Records from a data collection
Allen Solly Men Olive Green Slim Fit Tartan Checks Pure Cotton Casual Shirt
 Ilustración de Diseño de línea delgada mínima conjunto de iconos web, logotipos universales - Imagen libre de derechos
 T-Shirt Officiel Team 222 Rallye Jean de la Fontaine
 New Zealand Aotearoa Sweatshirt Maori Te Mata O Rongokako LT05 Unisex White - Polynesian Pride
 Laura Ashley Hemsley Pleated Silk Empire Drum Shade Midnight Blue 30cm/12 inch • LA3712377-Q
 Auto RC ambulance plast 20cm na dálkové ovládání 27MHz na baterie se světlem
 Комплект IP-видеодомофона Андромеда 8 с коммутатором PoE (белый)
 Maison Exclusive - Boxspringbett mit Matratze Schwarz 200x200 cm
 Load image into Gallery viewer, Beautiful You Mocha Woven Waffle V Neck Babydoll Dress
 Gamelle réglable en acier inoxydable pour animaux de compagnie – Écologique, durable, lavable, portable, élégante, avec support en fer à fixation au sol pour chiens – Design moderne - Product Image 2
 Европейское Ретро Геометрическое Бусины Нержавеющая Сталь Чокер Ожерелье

* _What is being asked_:
All lines from the one containing "Load image into" to the end of the records are to be duplicated exactly, and no other lines are to be given.

* _Answer space_:
 Load image into Gallery viewer, Beautiful You Mocha Woven Waffle V Neck Babydoll Dress
 Gamelle réglable en acier inoxydable pour animaux de compagnie – Écologique, durable, lavable, portable, élégante, avec support en fer à fixation au sol pour chiens – Design moderne - Product Image 2
 Европейское Ретро Геометрическое Бусины Нержавеющая Сталь Чокер Ожерелье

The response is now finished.